Data to use Start Marker

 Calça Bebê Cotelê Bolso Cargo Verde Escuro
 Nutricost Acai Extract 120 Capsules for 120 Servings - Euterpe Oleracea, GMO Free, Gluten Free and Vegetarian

Data to use End Marker
Data to use Start Marker

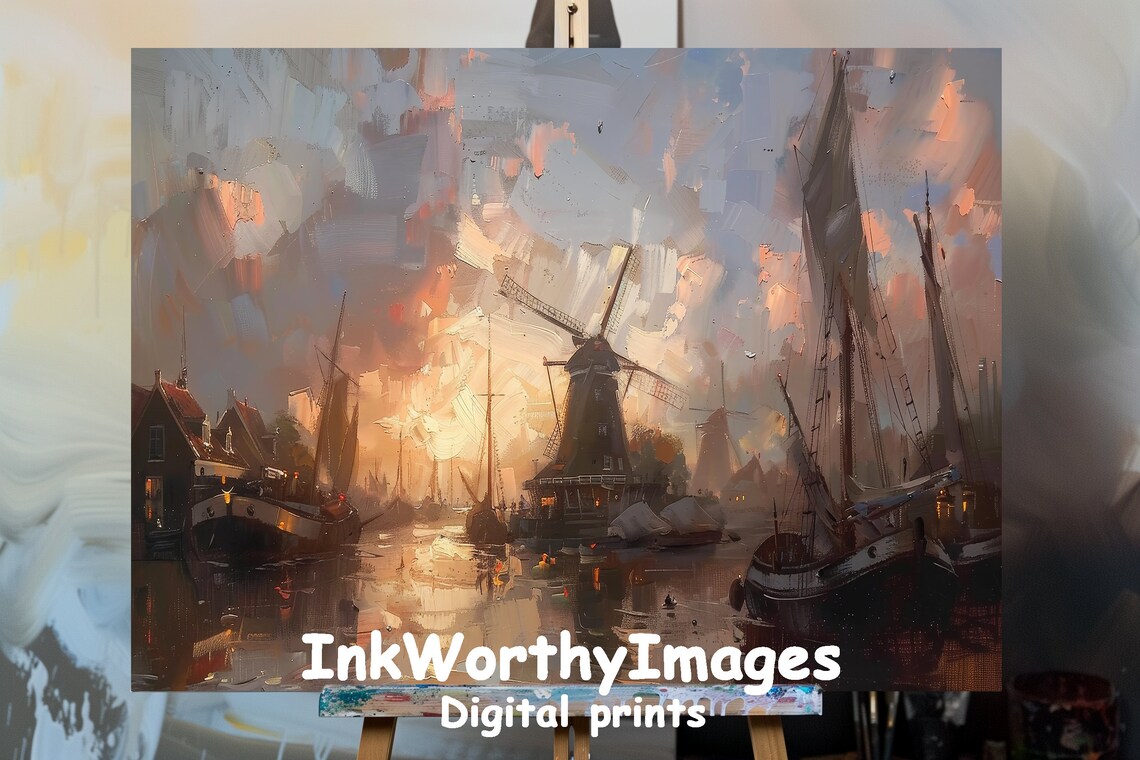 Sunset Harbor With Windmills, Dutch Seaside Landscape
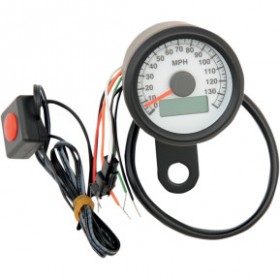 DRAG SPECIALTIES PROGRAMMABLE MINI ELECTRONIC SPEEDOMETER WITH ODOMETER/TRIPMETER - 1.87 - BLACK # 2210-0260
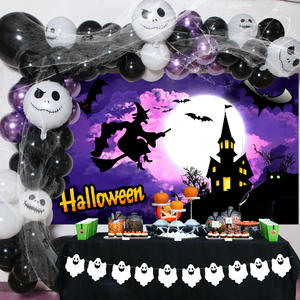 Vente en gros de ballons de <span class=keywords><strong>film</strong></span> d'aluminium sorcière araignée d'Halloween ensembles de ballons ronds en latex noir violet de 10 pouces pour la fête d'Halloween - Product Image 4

Data to use End Marker

* _Exercise prompt_
In the entries above, find the line with "DRAG SPECIALTIES PROGRAMMABLE" and the line with "Vente en gros". Return exactly those lines and all the ones between them, pictures excluded.

* _Exercise result_
 DRAG SPECIALTIES PROGRAMMABLE MINI ELECTRONIC SPEEDOMETER WITH ODOMETER/TRIPMETER - 1.87 - BLACK # 2210-0260
 Vente en gros de ballons de <span class=keywords><strong>film</strong></span> d'aluminium sorcière araignée d'Halloween ensembles de ballons ronds en latex noir violet de 10 pouces pour la fête d'Halloween - Product Image 4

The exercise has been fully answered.